> [What is required]:
Reproduce only the lines below from the line containing "If I had to" to the line containing "is titled The", exactly as written, with both end lines kept. Omit the pictures.

> [Record set]:
[Start of Attachment]

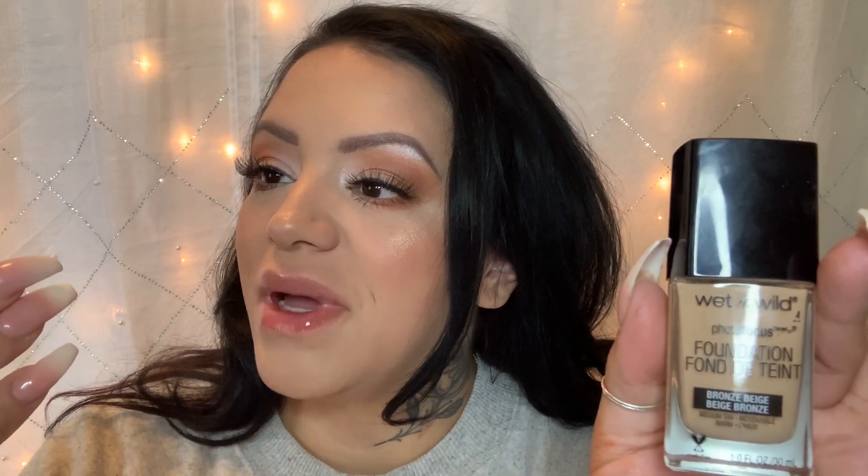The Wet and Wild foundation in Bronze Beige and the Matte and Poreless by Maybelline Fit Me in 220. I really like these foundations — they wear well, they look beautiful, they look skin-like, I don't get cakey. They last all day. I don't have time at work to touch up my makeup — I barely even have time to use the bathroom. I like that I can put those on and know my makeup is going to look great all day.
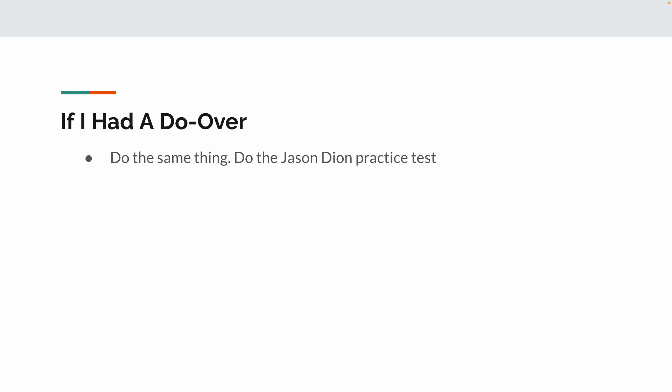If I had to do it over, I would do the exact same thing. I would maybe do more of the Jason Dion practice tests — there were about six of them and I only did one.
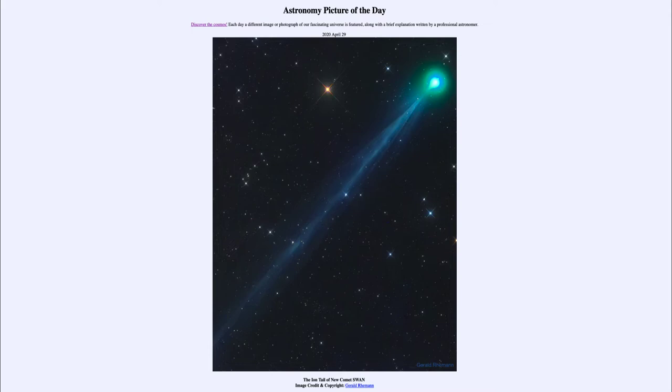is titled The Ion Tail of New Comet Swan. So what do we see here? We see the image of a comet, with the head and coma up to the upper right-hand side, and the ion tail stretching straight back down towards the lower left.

[End of Attachment]
[Start of Attachment]

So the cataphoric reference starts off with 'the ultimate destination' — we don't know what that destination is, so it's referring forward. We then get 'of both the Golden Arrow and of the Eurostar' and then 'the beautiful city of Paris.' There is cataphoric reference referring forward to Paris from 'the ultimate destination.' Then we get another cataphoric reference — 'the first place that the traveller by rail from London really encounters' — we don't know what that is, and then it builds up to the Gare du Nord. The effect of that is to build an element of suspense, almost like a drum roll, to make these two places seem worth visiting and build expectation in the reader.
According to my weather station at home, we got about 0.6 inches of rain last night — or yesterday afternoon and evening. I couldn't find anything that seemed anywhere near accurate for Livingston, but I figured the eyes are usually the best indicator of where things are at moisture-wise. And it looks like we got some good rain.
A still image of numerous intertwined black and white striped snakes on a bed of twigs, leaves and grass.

[End of Attachment]

> [Task response]:
If I had to do it over, I would do the exact same thing. I would maybe do more of the Jason Dion practice tests — there were about six of them and I only did one.
is titled The Ion Tail of New Comet Swan. So what do we see here? We see the image of a comet, with the head and coma up to the upper right-hand side, and the ion tail stretching straight back down towards the lower left.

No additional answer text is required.